Space-efficient representation of genomic k-mer count tables
Tập 17 - Trang 1-15 - 2022
Yoshihiro Shibuya, Djamal Belazzougui, Gregory Kucherov
k-mer counting is a common task in bioinformatic pipelines, with many dedicated tools available. Many of these tools produce in output k-mer count tables containing both k-mers and counts, easily reaching tens of GB. Furthermore, such tables do not support efficient random-access queries in general. In this work, we design an efficient representation of k-mer count tables supporting fast random-access queries. We propose to apply Compressed Static Functions (CSFs), with space proportional to the empirical zero-order entropy of the counts.
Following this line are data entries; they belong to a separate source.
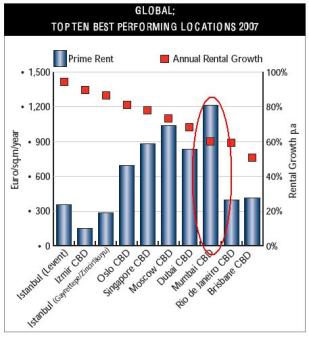  Indian office space rentals are getting expensive...really really expensive!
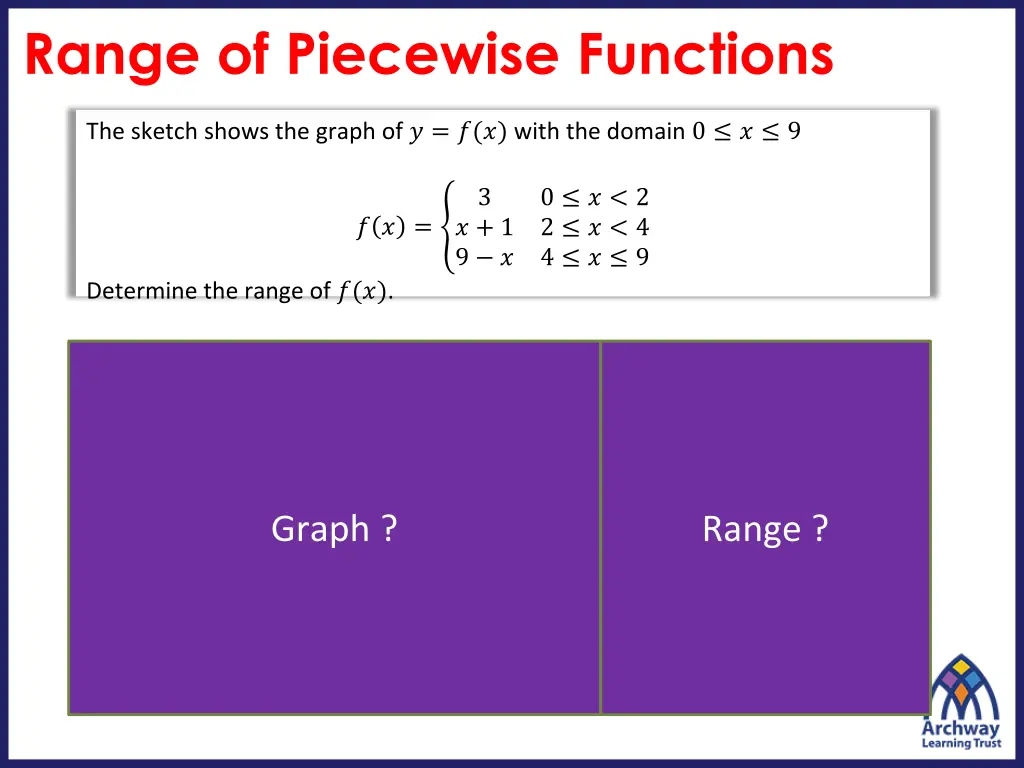 range of piecewise functions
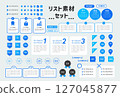 List material set for landing pages 127045877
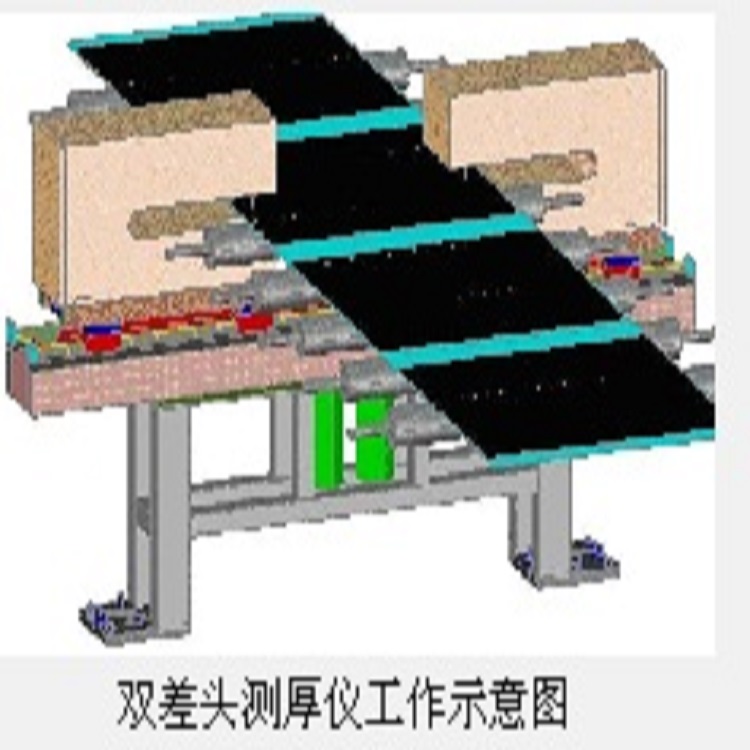 LTG-300型動態(tài)塑料纖維膜無損厚度激光檢測儀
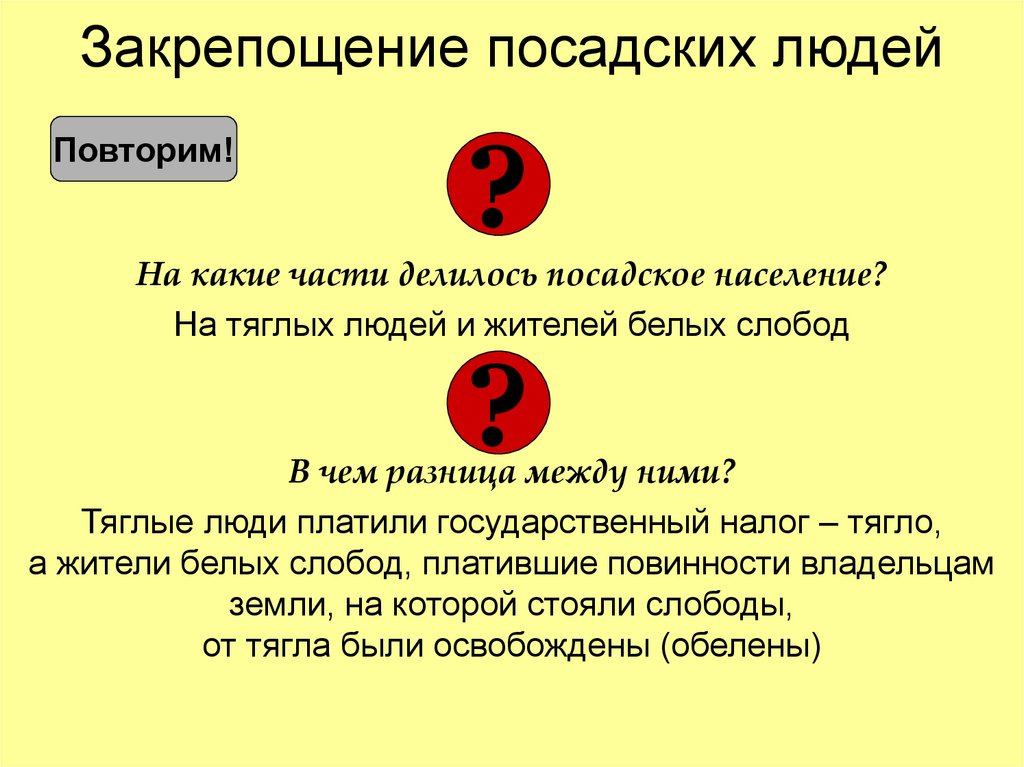 Тягло. Тяглые люди в 17 веке. Посадские люди делились на. Сообщение о тяглых людях. Посадское Тягло.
For very skewed distributions, like those of k-mer counts in whole genomes, the only currently available implementation of CSFs does not provide a compact enough representation. By adding a Bloom filter to a CSF we obtain a Bloom-enhanced CSF (BCSF) effectively overcoming this limitation. Furthermore, by combining BCSFs with minimizer-based bucketing of k-mers, we build even smaller representations breaking the empirical entropy lower bound, for large enough k. We also extend these representations to the approximate case, gaining additional space. We experimentally validate these techniques on k-mer count tables of whole genomes (E. Coli and C. Elegans) and unassembled reads, as well as on k-mer document frequency tables for 29 E. Coli genomes. In the case of exact counts, our representation takes about a half of the space of the empirical entropy, for large enough k’s.